Auteur: Nikolaj Nielsen

BRUSSELS - After having denied Turkey's 12 million Twitter users access to the micro-blogging site, Turkish authorities on Thursday (27 March) moved to block YouTube.

The YouTube block, according to Turkey’s national telecommunications authority, was needed as a “precautionary administrative measure” hours after a government recording on possible Syria military operations was leaked onto the social media site.

EU digital affairs commissioner Neelie Kroes condemned the move via twitter.

“This is another desperate and depressing move in Turkey,” she tweeted.

“I express my support for all those supporters of real freedom and democracy. We in Europe stand for an open internet and free expression on it," she added.

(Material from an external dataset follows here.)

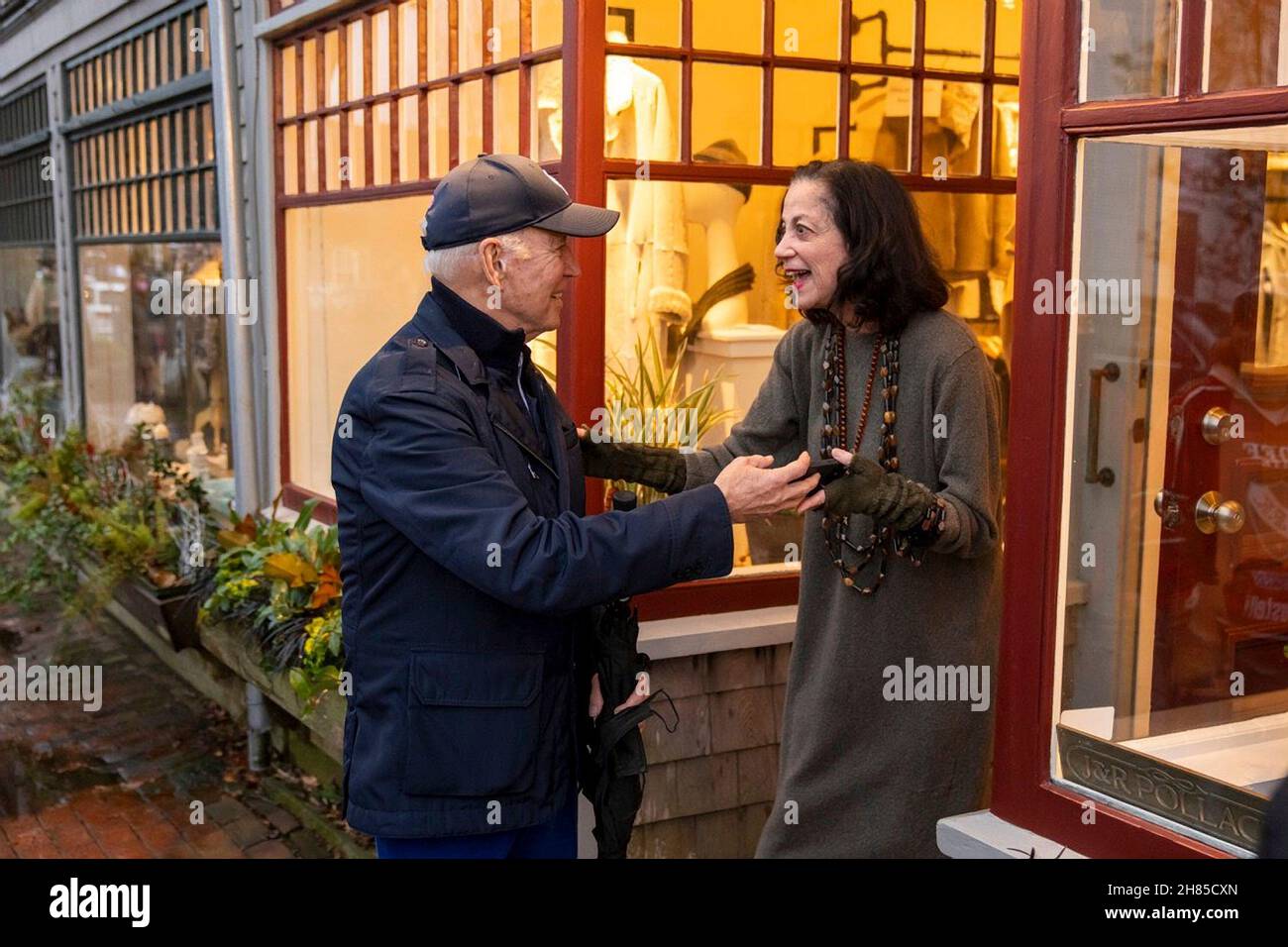 Nantucket, United States Of America. 26th Nov, 2021. Nantucket, United States of America. 26 November, 2021. U.S President Joe Biden, left, greets a small business owner during Black Friday sales day November 26, 2021 in Nantucket, Massachusetts. Biden spend the day visiting local shops and attending the annual village Christmas tree lighting ceremony with his family. Credit: Adam Schultz/White House Photo/Alamy Live News Stock Photo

Some users are still able to access the video-sharing site through anonymous connections to the web via so-called “virtual private networks”.

For its part, Turkey’s ministry of foreign affairs described the YouTube leak as “a despicable attack, an act of espionage and a very serious crime against the national security of Turkey”.

The ministry, in a statement published on its website, vowed to seek out those behind the leak and sentence them “with the heaviest penalty they deserve by law".

Before the Twitter and YouTube ban, the country already ranked 154 among 180 countries on the World Press Freedom Index.

In an op-ed published in The Guardian newspaper, dozens of writers and poets from around the world, said colleagues in Turkey face criminal proceedings and imprisonment under its harsh anti-terror law.

Turkey’s penal code includes articles on defamation, religious defamation, obscenity, insulting the Turkish people, state or its organs, and promoting conscientious objection to military service.

Despite the threats and crackdown, allegations of corruption persist since police arrested three cabinet ministers and at least 34 others in Prime Minister Recep Tayyip Erdogan’s inner circle last December.

The police operation was part of a larger corruption investigation, which also probed Erdogan’s son and closest business partners.

Erdogan’s response was harsh.

He purged thousands of police, judges, government officials, and prosecutors to remove what he described as a conspiracy to supplant his rule.

Turkey’s parliament, dominated by Erdogan’s AKP party, also introduced two controversial laws earlier in the year.

The first law undermines the independence of the supreme court by bringing it under the executive branch.

The second allows the government-run telecommunications regulator to block websites without a court order.

Erdogan’s slide towards silencing dissent is seen by pro-rights group as an attempt to muffle criticism over the high-level corruption allegations ahead of local elections on Sunday.